The survey, published Feb. 28, found 57 percent of respondents think the sequester is “the only way” to control the federal budget deficit, because lawmakers are unable to reign in spending themselves.
While 45 percent said the consequences of the $85 billion worth of budget cuts would be negative, slightly more reportedly said it would have a positive effect.
12:34 p.m. Homeland Security Secretary Janet Napolitano said a number of U.S. airports, including Los Angeles International and O'Hare International, are already experiencing delays as a result of cuts to the Federal Aviation Administration, the Associated Press reports. Napolitano on Monday said those delays will likely worsen, and could even double by the end of the week.
10:20 a.m. The sequester has taken effect, and, at least for now, there is no end to the debacle in sight. But House Speaker John Boehner, R-Ohio, on Sunday assured the American people that lawmakers’ inability to reach a deficit reduction agreement will not lead to a full-on federal government shutdown.
“The president this morning agreed that we should not have any talk of a government shutdown,” Boehner told NBC’s “Meet the Press” in an interview that aired Sunday. “So I’m hopeful that the House and Senate will be able to work through this.”

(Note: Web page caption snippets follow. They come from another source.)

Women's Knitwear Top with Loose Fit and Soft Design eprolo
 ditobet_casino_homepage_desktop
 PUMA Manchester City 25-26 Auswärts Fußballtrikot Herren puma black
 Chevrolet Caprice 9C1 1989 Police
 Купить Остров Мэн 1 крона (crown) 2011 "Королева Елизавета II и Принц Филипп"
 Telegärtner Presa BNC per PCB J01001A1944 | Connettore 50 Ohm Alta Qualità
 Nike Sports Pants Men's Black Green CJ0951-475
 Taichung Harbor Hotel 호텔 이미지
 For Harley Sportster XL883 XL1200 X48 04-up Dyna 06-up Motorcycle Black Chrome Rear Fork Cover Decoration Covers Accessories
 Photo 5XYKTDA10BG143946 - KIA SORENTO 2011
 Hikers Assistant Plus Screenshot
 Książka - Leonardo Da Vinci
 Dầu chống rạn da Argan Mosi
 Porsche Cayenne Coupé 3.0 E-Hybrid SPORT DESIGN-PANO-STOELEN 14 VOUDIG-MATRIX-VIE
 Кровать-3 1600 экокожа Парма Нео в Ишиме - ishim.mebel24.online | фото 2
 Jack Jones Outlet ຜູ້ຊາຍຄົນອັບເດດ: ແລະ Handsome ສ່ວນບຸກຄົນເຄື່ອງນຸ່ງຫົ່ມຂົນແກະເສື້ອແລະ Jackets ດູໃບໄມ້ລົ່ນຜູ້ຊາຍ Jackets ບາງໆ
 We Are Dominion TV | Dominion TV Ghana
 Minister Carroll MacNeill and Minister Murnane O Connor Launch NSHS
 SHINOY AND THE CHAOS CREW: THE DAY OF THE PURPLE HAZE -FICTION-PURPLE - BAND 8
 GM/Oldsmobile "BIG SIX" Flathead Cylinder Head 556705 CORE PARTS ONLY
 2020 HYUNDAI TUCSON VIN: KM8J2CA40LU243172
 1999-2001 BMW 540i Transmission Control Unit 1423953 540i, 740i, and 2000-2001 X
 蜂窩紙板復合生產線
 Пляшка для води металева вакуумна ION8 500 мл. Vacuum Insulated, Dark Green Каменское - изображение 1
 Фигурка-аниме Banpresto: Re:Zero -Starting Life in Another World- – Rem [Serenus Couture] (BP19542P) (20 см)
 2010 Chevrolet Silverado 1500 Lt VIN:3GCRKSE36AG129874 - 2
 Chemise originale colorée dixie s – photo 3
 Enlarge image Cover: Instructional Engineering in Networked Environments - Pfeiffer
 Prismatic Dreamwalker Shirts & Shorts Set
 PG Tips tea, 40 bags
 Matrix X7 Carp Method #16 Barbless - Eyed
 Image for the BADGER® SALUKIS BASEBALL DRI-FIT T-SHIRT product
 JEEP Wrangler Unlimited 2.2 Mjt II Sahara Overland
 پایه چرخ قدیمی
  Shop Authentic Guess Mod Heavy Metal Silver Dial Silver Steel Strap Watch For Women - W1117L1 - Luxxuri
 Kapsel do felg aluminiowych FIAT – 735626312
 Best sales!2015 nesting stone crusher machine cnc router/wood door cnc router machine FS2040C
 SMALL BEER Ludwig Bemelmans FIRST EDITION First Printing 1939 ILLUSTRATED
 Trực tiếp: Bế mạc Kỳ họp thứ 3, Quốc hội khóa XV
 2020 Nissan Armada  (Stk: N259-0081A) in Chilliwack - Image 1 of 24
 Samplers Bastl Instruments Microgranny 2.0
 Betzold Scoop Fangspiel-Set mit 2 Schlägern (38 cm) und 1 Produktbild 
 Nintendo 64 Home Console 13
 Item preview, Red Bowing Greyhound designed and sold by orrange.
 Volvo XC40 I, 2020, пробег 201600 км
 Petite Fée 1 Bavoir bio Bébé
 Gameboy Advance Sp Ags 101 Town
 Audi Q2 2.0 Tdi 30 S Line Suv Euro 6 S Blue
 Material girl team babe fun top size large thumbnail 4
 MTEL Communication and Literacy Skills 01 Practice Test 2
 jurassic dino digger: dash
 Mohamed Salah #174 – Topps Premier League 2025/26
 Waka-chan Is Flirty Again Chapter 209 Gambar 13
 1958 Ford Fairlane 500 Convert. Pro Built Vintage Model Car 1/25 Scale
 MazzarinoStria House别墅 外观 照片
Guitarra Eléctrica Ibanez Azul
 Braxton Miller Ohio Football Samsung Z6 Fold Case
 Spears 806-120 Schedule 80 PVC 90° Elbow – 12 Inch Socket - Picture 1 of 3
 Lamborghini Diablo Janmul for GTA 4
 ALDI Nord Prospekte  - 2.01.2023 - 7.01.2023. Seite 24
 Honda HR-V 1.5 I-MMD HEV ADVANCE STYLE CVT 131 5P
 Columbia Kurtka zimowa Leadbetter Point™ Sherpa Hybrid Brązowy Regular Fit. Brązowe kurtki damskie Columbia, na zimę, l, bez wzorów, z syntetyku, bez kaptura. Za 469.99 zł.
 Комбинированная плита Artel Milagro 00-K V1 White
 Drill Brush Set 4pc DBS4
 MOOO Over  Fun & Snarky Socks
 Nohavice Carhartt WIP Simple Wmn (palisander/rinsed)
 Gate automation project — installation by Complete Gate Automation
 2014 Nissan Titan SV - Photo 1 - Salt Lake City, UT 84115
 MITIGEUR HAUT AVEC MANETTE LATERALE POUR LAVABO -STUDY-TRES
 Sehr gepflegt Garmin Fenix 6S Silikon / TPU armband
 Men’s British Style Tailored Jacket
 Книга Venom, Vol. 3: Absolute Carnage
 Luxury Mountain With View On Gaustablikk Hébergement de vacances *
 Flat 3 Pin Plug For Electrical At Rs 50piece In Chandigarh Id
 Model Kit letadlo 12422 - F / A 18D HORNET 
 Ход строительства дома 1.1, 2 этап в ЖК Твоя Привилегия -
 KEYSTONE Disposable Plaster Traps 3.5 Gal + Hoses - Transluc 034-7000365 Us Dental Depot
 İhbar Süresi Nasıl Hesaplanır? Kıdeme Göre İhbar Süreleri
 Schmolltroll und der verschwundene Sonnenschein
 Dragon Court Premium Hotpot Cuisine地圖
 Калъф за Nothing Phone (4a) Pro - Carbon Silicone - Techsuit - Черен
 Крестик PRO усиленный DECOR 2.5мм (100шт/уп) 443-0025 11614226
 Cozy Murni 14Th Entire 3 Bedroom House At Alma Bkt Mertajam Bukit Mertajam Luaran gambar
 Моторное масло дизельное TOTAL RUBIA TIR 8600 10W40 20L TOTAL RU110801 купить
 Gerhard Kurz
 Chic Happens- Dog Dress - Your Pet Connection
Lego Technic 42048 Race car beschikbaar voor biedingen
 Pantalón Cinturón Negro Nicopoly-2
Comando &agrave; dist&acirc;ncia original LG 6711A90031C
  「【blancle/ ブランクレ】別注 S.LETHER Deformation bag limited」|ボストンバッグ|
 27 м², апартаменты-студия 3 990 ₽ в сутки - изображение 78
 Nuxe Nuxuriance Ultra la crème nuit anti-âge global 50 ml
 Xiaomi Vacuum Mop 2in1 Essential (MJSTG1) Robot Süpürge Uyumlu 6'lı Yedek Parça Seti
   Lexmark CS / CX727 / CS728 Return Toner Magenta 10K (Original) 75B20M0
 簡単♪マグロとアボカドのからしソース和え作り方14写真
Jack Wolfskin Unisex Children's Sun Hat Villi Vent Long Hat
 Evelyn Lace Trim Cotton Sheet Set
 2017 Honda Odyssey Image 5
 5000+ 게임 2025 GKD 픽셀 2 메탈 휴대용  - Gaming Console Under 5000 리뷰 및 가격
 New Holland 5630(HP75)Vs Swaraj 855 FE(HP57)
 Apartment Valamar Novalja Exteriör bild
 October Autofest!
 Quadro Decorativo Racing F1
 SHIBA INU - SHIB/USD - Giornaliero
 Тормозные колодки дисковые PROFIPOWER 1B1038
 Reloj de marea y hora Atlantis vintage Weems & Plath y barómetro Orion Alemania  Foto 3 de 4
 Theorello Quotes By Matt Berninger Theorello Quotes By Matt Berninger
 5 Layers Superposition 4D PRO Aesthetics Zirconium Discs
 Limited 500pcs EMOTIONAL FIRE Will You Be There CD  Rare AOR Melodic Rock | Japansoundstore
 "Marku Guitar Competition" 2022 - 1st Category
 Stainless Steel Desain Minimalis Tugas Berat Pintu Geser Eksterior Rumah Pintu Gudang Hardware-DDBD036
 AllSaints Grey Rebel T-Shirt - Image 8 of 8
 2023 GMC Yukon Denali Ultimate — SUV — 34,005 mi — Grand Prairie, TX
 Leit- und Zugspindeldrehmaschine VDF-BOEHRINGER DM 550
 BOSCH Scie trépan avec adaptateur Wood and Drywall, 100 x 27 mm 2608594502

Boehner, who in the same interview claimed no one tried harder than him to avert the $85 billion in automatic spending cuts to defense and other programs that kicked in Friday, said the House will vote this week to keep the federal government operating through September.
In the event of a shutdown, hundreds of thousands of federal workers deemed “unessential” could be idle, disrupting government services such as national defense and air traffic control. Other nonessentials, such as national parks and museums, would be closed, visa and passport applications would be frozen, and there could be delays in approving Social Security applications and benefits for military veterans.
There have been 15 federal government shutdowns since fiscal year 1970. The most recent, and longest, lasted for 21 days between Dec. 16, 1996 to Jan. 6 1996, when then-House Speaker Newt Gingrich engineered a shutdown after President Bill Clinton vetoed a Republican-sponsored spending bill.
The shutdown was ultimately seen as a political misstep by Republicans and has been cited as a having a role in Clinton’s successful reelection in 1996.